A protocol can be designed that reduces the size of the vector timestamp by sending fewer of these uninteresting entries, but this savings comes at the expense of overhead, including storage and processing, on each host.

Please assume that the hosts have plenty of processing power and O(P) space available to store state information related to the timestamp protocol. Operating under these assumptions, design an algorithm for compressed vector timestamps that reduces the size of the vector timestamps as much as possible, without affecting the utility of the time-stamping. Please describe the resulting approach.

Mutual Exclusion

Fix the code below so that the numbers print in order, using simple mutexes or “counting” semaphores:

#include <pthread.h>

#include <stdio.h>

void* thread_one (void* args){

printf("1");

printf("5");

return NULL;

}

void* thread_two (void* args){

printf("2");

printf("4");

return NULL;

}

int main(){

pthread_t tid_one;

pthread_t tid_two;

pthread_create(&tid_one, NULL, thread_one, NULL);

pthread_create(&tid_two, NULL, thread_two, NULL);

printf("3");

pthread_join(tid_one, NULL);

pthread_join(tid_two, NULL);

printf("6\n");

}

In class, we discussed several techniques for enforcing mutual exclusion. But, we didn't discuss techniques for enforcing other concurrency control policies. Please adapt the majority vote scheme to solve the "at most n users" mutual exclusion problem. In other words, please adapt it so that it allows not more than "n" users to access the shared resource at a time. Your new design should be as loyal to the original design as is practical.

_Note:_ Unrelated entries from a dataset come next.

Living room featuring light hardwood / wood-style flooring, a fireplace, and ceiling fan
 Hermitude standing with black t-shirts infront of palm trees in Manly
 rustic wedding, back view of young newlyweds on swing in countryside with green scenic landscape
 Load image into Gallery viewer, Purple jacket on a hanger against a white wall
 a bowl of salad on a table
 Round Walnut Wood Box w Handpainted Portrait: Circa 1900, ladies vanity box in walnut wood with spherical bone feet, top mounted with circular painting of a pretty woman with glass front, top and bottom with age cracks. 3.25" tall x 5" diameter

If it does not make sense to use an adaptation of the voting scheme for this purpose, please explain the reason.

In class, we discussed several techniques for enforcing mutual exclusion. But, we didn't discuss techniques for enforcing other concurrency control policies.

Please select one among the mutual exclusion protocols from our in class discussion and adapt it to enforce reader-writer locks, instead of mutual exclusion. Needless to say, you should select a protocol which can be usefully adapted for this purpose. Your new protocol should be as loyal to the original as is practical.

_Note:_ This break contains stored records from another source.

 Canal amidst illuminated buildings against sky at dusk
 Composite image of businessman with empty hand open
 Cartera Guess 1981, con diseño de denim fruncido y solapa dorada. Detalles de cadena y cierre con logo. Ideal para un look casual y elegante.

A read-writer lock allows readers to share an object with other readers, but ensures that a writer excludes both other writers and also readers. Sometimes this protocol is described as "Shared reads, exclusive writes". Readers should starve writers.

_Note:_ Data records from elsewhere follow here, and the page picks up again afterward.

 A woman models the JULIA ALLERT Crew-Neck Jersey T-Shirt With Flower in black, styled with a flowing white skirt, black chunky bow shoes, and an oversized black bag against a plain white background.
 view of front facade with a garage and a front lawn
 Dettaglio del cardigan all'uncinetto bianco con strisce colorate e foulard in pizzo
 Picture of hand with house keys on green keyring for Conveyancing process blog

What are the relative costs and benefits of mutual exclusion by voting and mutual exclusion by token ring?

What do you believe is the “Best” distributed mutual exclusion algorithm, balancing the message-passing cost and robustness. Why? What are its relative costs and benefits as compared to a central approach?

Replication

Consider the quorum-based protocols that we discussed in class. Each of these protocols requires some type of read-write locking to ensure that the client is playing with the same version of the object at each of the participating replicas. Without this, two writes could interleave or a read and a write could interleave.

Please describe an efficient locking protocol to address these concerns. Assume that the client can interact with all servers, except in the event of failure.

Consider a system with N replicas, a read quorum of R, and a write quorum of W. How much failure can this system endure? Please express your answer in terms of N, R, and W.

Consider the quorum-based replication algorithms we discussed in class. What quorum policy or policies guarantee that all versions read will be the same and the most up-to date? Why?

Consider the use of physical timestamps and version numbers for consistency control in replication. What are the costs and benefits of each technique. Please specifically the bounds that each technique is able to place on the freshness of the object received by any one client, the consistency of the objects as simultaneously viewed by multiple clients, and the message-passing costs of each technique.